[Short descriptive text snippets]
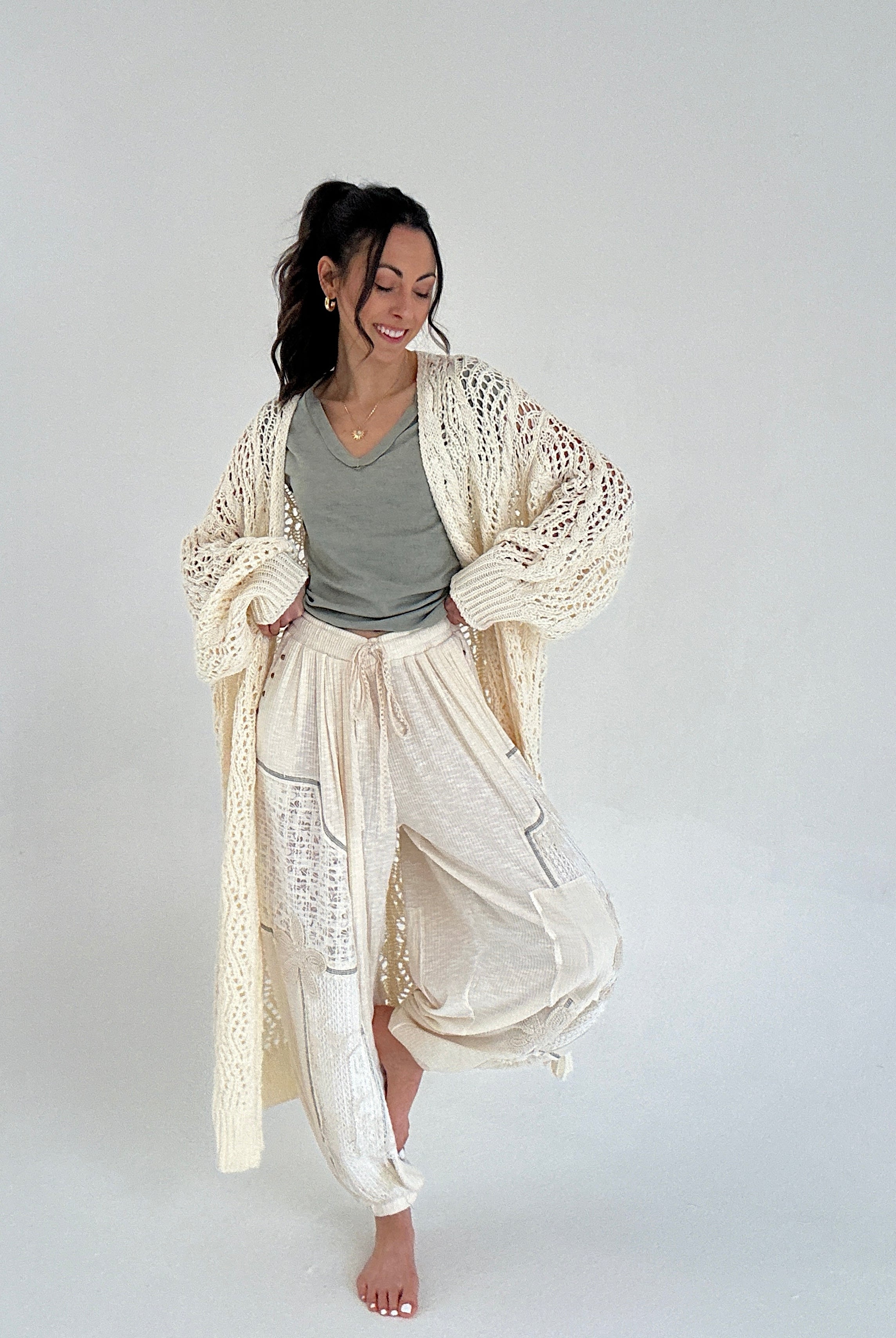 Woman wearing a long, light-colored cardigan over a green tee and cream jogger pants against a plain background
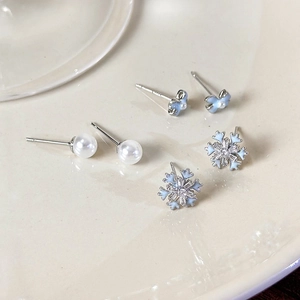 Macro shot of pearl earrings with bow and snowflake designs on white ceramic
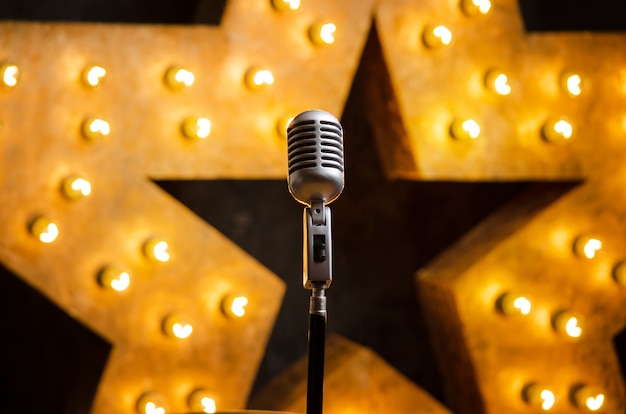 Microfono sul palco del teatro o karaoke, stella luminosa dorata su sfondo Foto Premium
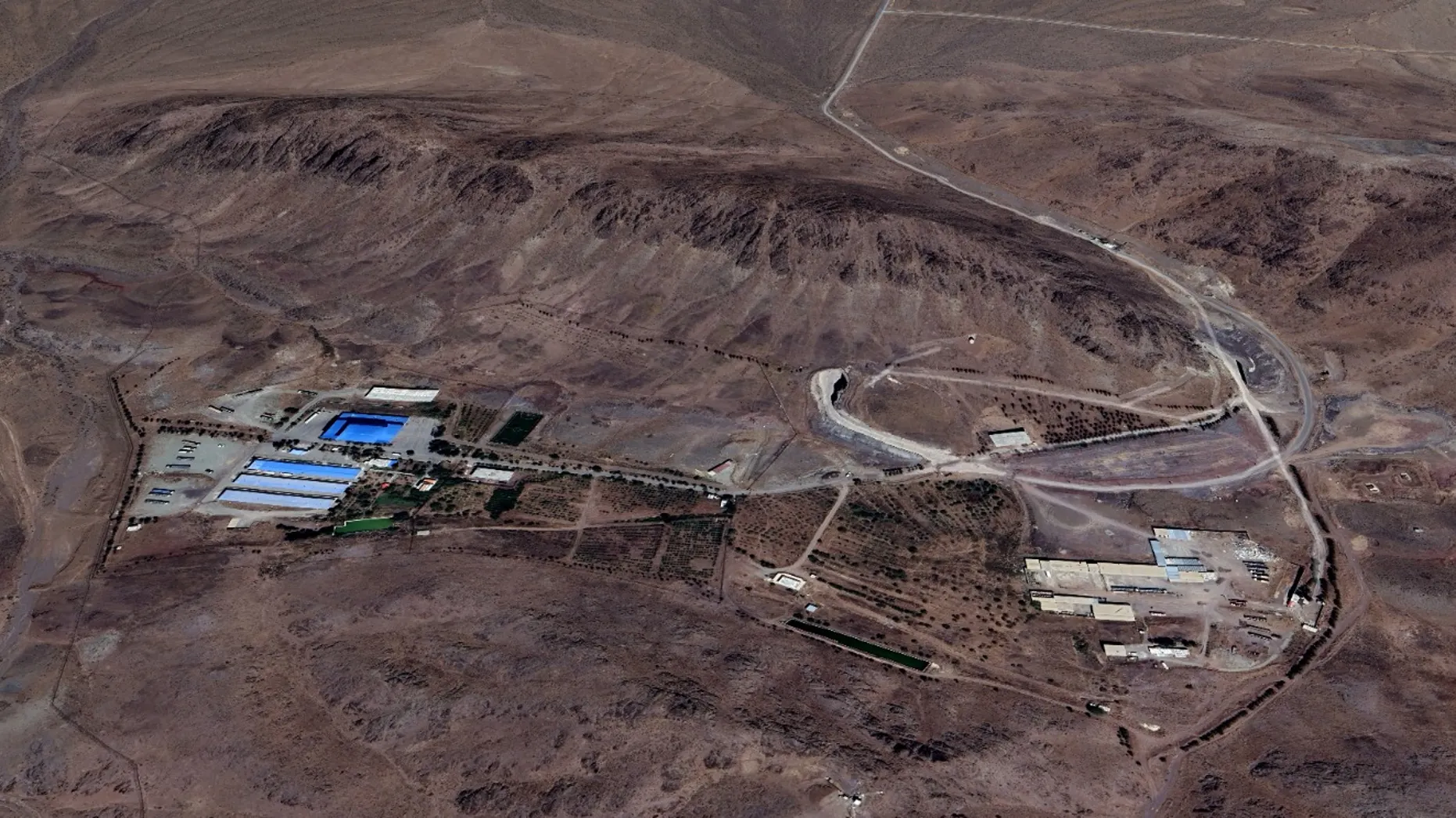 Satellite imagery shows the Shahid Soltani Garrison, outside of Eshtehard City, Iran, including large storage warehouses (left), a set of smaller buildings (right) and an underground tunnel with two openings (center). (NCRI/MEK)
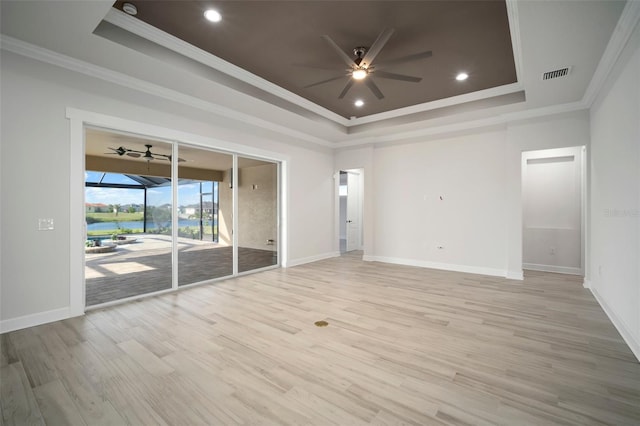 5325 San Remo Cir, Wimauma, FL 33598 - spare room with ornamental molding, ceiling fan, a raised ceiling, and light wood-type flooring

Task item | All of the data is to be reproduced exactly, with the pictures left out.

Reply |
 Woman wearing a long, light-colored cardigan over a green tee and cream jogger pants against a plain background
 Macro shot of pearl earrings with bow and snowflake designs on white ceramic
 Microfono sul palco del teatro o karaoke, stella luminosa dorata su sfondo Foto Premium
 Satellite imagery shows the Shahid Soltani Garrison, outside of Eshtehard City, Iran, including large storage warehouses (left), a set of smaller buildings (right) and an underground tunnel with two openings (center). (NCRI/MEK)
 5325 San Remo Cir, Wimauma, FL 33598 - spare room with ornamental molding, ceiling fan, a raised ceiling, and light wood-type flooring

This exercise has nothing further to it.